While the technology is available to replace dirty energy with clean in the time we have left to stabilize the world at 1.5°C, many governments continue to subsidize fossil fuels at higher rates than they subsidize renewable energy. Levels of inequality are increasing both between the Global South and Global North and within countries all around the world. Living standards in the Global North are going down. One of the reasons for this is the corrosive nature of inequality. As long as a society tolerates high levels of inequality, it will contain high levels of social conflict. As people come to resent the existing social order, some turn to reactionary forms of ethno-nationalism.
All around the world voters feeling a sense of precarity have chosen to elect leaders such as former Brazilian President Jair Bolsonaro, Hungarian Prime Minister Viktor Orbán, Indian Prime Minister Narendra Modi, and U.S. President Donald Trump. People’s faith in the future and sense of security are so under threat that in many places around the world, there are epidemic levels of anxiety and depression. California, one of the richest places on the planet with a two-thirds Democratic majority, has not figured out how to build a livable state. The global rise of right-wing nationalism is the symptom of a disease, rather than its cause.
We are at a crossroads in human history. We will either figure out how to share, or we will tear apart the fabric of the world that supports us. At this crucial moment we need to choose between a world based on reactionary nationalist sentiments and political power plays by the fossil fuel industry and other reactionary forms of capital, or we can figure out how to fairly share the resources we have and learn to live together in healthy relationships with nature.

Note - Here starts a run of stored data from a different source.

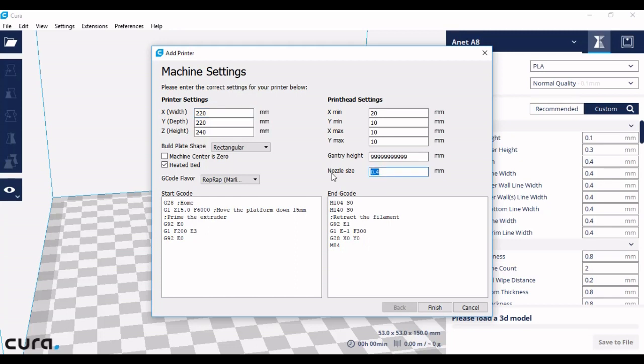You can also set the nozzle size for your 3D printer. If you know the nozzle size, you can enter it here or you can enter it in the advanced settings in the Cura software and not on the setup.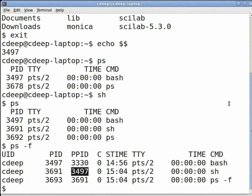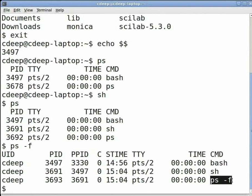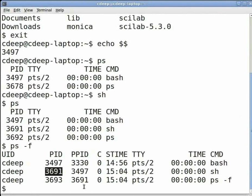So the PID of bash is same as the PPID of sh process. Similarly, since sh process is the parent of ps process, the PID of sh process is same as the PPID of ps minus f process.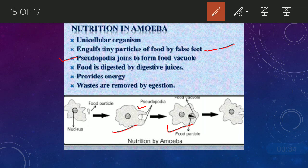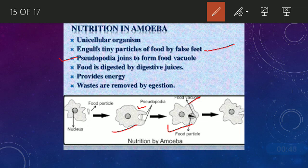Food is digested by digestive juices present in the food vacuole — a pouch-like structure made by the pseudopodia. The food is held there and digestive juices are released.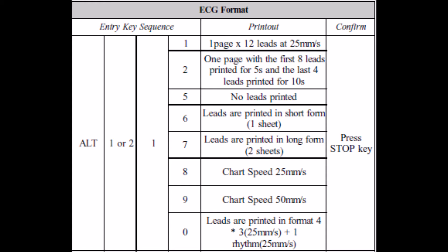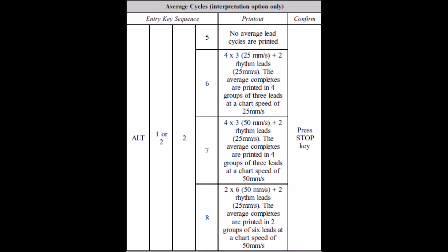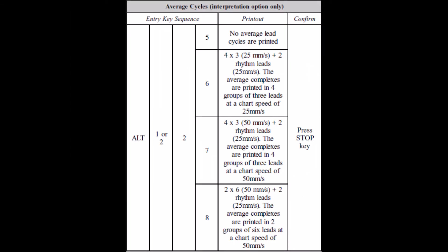The following codes are for the ECG printout formats. The average cycles are defined as follows with the following codes. In order to define the measurements in the printouts, refer to the following codes.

It is time to build a world based on relations of solidarity.
The Deep Roots of the Current CrisisThe forces that are tearing apart the fabric of our world are part of a global set of practices that have developed over the past 500 years that allow people and companies to pursue profit for its own sake without regard for the needs of others. Over those centuries, destructive practices based on capitalism, slavery, colonialism, and particular forms of patriarchy have been woven into the ways that politics, economics, and culture function.
Since its beginning capitalism has been challenged by those it has harmed: from slave revolts and anticolonial rebellions all around the world, to the Levelers and Diggers in capitalism’s original home of England, who opposed the privatization of land. And from capitalism’s beginning there have also been those who fought to get a greater share of the spoils of the system for working people. Unions have fought for better working conditions and wages from employers. Reformers have fought for the state to operate in ways that shifted the balance of power toward the interests of people and the environment.
In many European nations, accords between capital and labor were reached early in the 20th century as the result of strong labor movements. Those accords led to social democratic forms of capitalism, where living standards were kept high, and social safety nets were created, as states managed to regulate businesses while also allowing them to flourish and remain politically powerful. As inequality has increased and governments have been decreasingly able to deliver satisfying lives under these accords, many European nations have seen support for mainstream parties decline and support for right-wing nationalist parties rise.
If a new accord between capital and labor is not likely to be established any time soon, our best hope is to work to build a social world based on principles of solidarity.
In the U.S., after the immiseration and social turmoil of the Great Depression, a similar accord was reached between capital and labor, where businesses were regulated by the state, living standards were somewhat protected, and wages rose. This accord lasted until it was challenged by former President Ronald Reagan, whose began his administration in 1980 by firing striking air traffic controllers. Since that time, the U.S. has seen a steady erosion of protections for workers, regulations to protect the environment, and living standards. The Depression-era accord was broken, and the U.S. has seen a steady decline in living standards ever since.
One could imagine a situation in which a new accord was established, and a detente could be reached again between the working class and capital. As the world falls further into chaos and people’s lives become more precarious, the old accords that were established between capital and labor are no longer holding. While it is possible that rational capitalists who want a stabilized system will come to the rescue and create a new accord, that outcome is highly unlikely, for several reasons.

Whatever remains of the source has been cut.